Also, for debugging network issues with OpenSim, WinGridProxy (included
in libomv) is much more appropriate than WireShark. You can see the
content of all messages.
On 11/14/2014 8:05 AM, Diva Canto wrote:
On 11/14/2014 6:23 AM, Michael Heilmann wrote:
Thanks for the responses. I'll go into a little more detail:
We have been running several profilers against OpenSimulator on the
MOSES grid, and on my development machine. The tests were to examine
the loading on the server under several different loads, specifically
mesh and physics loads. What we found appears to be that no matter
what kind of load we placed on the region, even to the point of
becoming unresponsive due to physics and mesh, that scripting and
physics load were nowhere near the amount of time spent in
OpenSim.Region.ClientStack.LindenUDP once we had more than one or two
avatars logged in. We know from previous investigations at our
firewall that network traffic for OpenSim is not that heavy,
especially with low numbers of users.
If this is a problem, and you are running a recent-ish version of core
OpenSim, it sounds like some misconfiguration somewhere. Back in the
summer of 2013 we had a problem with the server running OSCC'13; the
kernel was configured to run in some sort of special mode that was
making everything run badly and unpredictably. We fixed the kernel
configuration, and suddenly things started running much more
smoothly-- I don't remember the details, but Nebadon may clarify things.
OpenSim these days can handle 50 people on a single simulator without
much trouble. If you look at figure 7 of my paper
(http://www.ics.uci.edu/~lopes/documents/summersim14/gabrielova_lopes_preprint.pdf)
you will see the quantification of "without much trouble." I suggest
that you reproduce my experimental conditions with pCamBot and check
whether your numbers are very different from ours. If they are very
different, then there's definitely something odd in your setup, as we
were able to reproduce these numbers in several machines. Feel free to
contact me directly for details about pCamBot configuration.
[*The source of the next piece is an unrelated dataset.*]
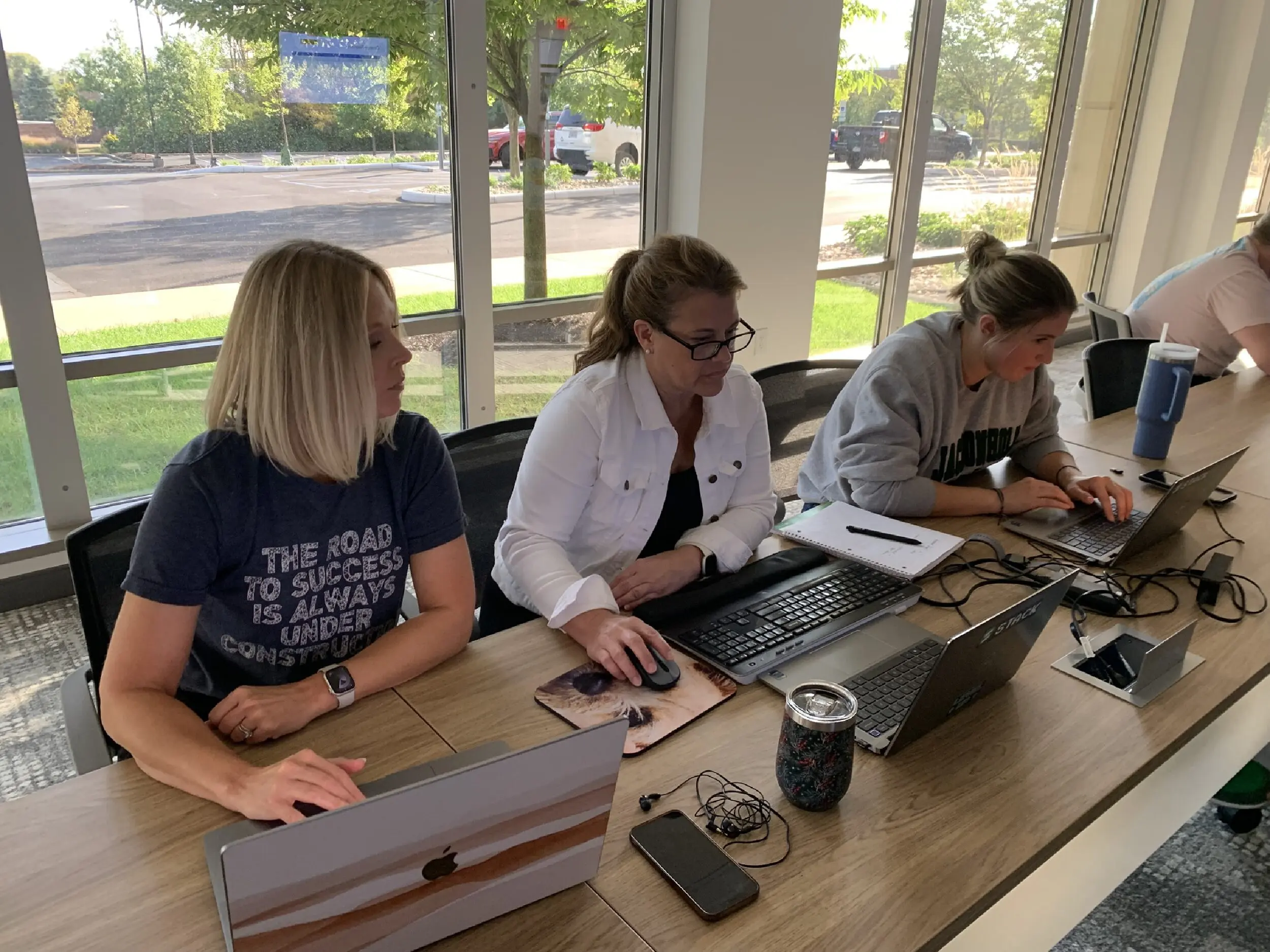 STACK Staff work on laptops to participate in the estimating workshop.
Bots aren't real viewers, but they are much better for measuring
things systematically and detecting problems and bottlenecks than
relying on real users driven by real people. The performance you get
with pCamBot will be correlated with the performance you get with real
users.
I ran several Wireshark captures against a Firestorm viewer logging
into the MOSES public grid ABWIS region, where we hold our office
hours. I saw that with our current configuration, all traffic
between the server and my client, with the exception of http CAPS and
fsapi calls, were UDP traffic. This is not immediately concerning,
as we have simian serve our mesh and textures directly. The messages
are mostly binary information, so I could not examine closely, but I
did see a lot of messages containing identical ASCII strings, such as
the name of my avatar.
Hard to say what you saw, but I bet those are the AgentUpdate messages
that I mentioned before. The viewer sends at least 10/sec. At points,
the viewer sends much more than 10/sec, up to 60/sec. Again, take a
look at my paper for understanding what those are, and how OpenSim
deals with them since OSCC'13.
As I said before, it would be nice to understand why the viewer is so
eager to blabber its status to the server when nothing is going on.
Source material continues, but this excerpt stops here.